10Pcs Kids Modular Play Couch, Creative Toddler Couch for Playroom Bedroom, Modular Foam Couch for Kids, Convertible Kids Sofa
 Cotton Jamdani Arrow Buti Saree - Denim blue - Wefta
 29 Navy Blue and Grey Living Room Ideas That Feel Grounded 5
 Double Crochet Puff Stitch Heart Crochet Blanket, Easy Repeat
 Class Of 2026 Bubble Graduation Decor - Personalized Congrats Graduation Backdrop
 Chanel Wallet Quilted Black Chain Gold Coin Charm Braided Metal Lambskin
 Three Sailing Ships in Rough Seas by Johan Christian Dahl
****************
What is required: Set down, please, the lines from the line holding "Chanel Wallet Quilted" through the final line of the data, exactly and with nothing added.

Expected answer:
 Chanel Wallet Quilted Black Chain Gold Coin Charm Braided Metal Lambskin
 Three Sailing Ships in Rough Seas by Johan Christian Dahl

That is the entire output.